CQRS: Querying via HTTP

This article continues the series dedicated to the CQRS pattern. We will be looking at the Command Query Responsibility Segregation pattern as an architecture, particularly dive into the Querying part and try to find out how to fit it in the HTTP. At the time this article is written, two main protocol versions exist HTTP/1.1 and HTTP/2. Version 3.0 is in the draft, so we are not considering it. The main difference between 1.1 and 2.0 is the transfer layer. The semantics stays the same, hence everything we’ll be talking about here is relevant for both versions.

ℹ️ Don’t forget to check the introductory post to the CQRS pattern, where we’ll go through the idea behind the pattern as well as main actors [CQRS: Inro].

Check all available articles dedicated to applying CQRS architectural patter on top of HTTP [CQRS via HTTP].

If you are looking at CQRS as an option for your current or next project, you are on the right track, make sure to go through another important aspect of CQRS pattern, such as Commanding.

From the HTTP mechanics perspective, Querying has a lot in common with the Commanding. Thus most of the decisions made in the Commanding via HTTP article can be applied here. To avoid duplication I’ll be mentioning similarities and reference a decision, rather than duplicating information from the previous article.

In the first article of the series, I’ve identified the main features of the Query as a part of the CQRS pattern. Take your time and check it out, to get yourself familiar with the CQRS pattern. I’ll quickly highlight main features here:

A query is a request for some system state. Therefore query must not mutate system state or introduce any side-effects.
Each query must be a single-purpose query that is tuned to answer only one single question.

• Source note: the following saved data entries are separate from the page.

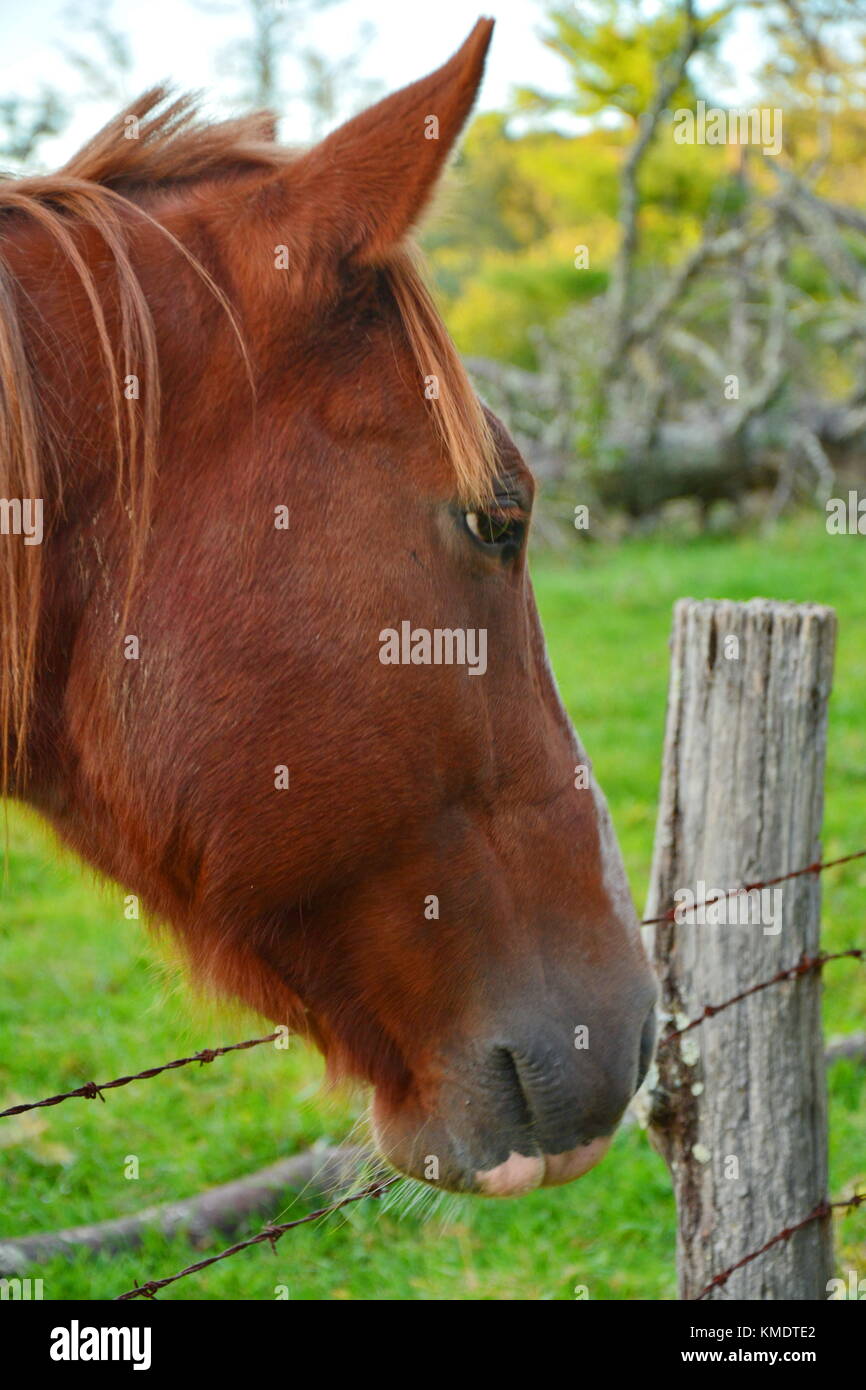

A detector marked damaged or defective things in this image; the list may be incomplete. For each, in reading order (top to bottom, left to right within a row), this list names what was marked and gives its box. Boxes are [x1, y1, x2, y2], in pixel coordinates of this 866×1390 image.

rusty barbed wire [636, 844, 864, 928]
rusty barbed wire [660, 952, 860, 1048]
rusty barbed wire [0, 1032, 276, 1120]
rusty barbed wire [115, 1176, 398, 1304]
rusty barbed wire [692, 1192, 864, 1296]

Queries are bad candidates for applying the DRY principle.
A query might contain some supportive data for filtering or ordering purposes, but be cautious and not overuse it. The query data suppose to make query reusable for a single view component, not across multiple view components.
Query response should have only information that was queried, not less, not more. Violation of this point most likely will be a result of violation previous point.

HTTP Request

We will be constructing the HTTP Request for the Query in a similar manner we did for the Command. The first step would be to determine the correct HTTP request method. Picking one of the Nine existing (Eight and a PATCH) methods. As an opposite to the Command, we will be focusing on so-called safe methods. These methods are used for data retrieval and don’t intend any data mutation, this is where the prefix safe is coming from. There are two safe methods available GET and HEAD.

Information

By definition HEAD HTTP Request Method should not return the response body, hence it won’t be able to return the result of the query. Which won’t work for our needs for obvious reasons. The main idea behind the HEAD request is getting HTTP Headers that would be returned with the GET request (e.g. content-length).

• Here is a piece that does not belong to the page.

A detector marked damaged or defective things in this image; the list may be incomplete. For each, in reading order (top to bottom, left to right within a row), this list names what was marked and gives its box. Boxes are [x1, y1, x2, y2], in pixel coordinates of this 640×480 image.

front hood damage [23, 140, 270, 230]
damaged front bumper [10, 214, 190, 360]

However, we might use HEAD request as a pre-query request, to determine if the query result will contain a lot of data and e.g. we need to notify a user about that or fragment a progress bar accordingly to expected payload. It might be useful for improving the user experience. The HEAD request usually implying subsequential GET request, which means query response can be cached in a short-term cache for resolving the successive request.

The response to a GET request is cacheable; a cache MAY use it to satisfy subsequent GET and HEAD requests unless otherwise indicated by the Cache-Control header field

ietf.org | RFC section 4.3.1

Now that we eliminated the HEAD HTTP Request method, what is left is GET. It seems like this Request Method ticks all our boxes, it safe, idempotent, cachable, have a response body.

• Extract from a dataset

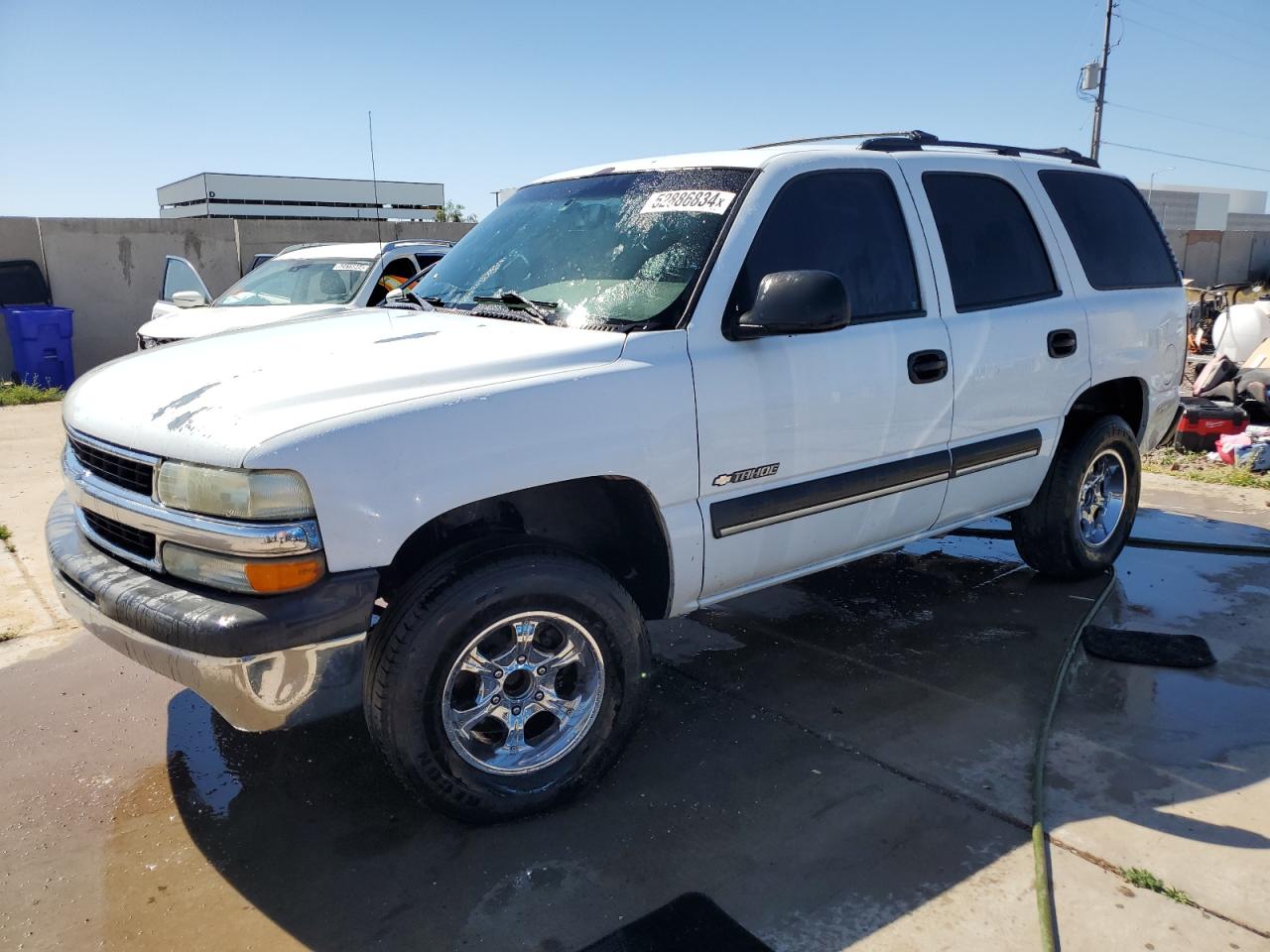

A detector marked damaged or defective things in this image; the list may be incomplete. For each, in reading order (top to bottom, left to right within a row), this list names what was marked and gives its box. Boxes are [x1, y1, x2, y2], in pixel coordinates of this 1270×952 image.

The GET method requests transfer of a current selected representation for the target resource. GET is the primary mechanism of information retrieval and the focus of almost all performance optimizations. Hence, when people speak of retrieving some identifiable information via HTTP, they are generally referring to making a GET request.

ietf.org | RFC section 4.3.1

So GET it is.

Query Name

Similarly to the Command, the Query consists of two data fragments, the name, and the payload. And the only mandatory part -which every query should be supplied with- is the name. Moreover, most likely the majority of times query will contain only the name.

We will follow the path we’ve taken before with the Commanding and treat the Query as an abstract resource. Hence we can legitimately specify a query name in the URI path fragment. The Query to get all potatoes will look like query/get-all-potatoes.

Query Data

The second part of the Query is payload or query data. All the extra data for HTTP GET request supposed to be passed through the URI query parameters. The main disadvantage of URI utilization is a size limitation and its construction on the client-side.

But what about the request body? Its JSON-like structure makes it easier to construct on the client-side and it has less restricted limitations on size.
In initial iterations of the protocol, it was deemed to be a bad tone to use the body with the HTTP GET request message. However, it was changed in further iterations.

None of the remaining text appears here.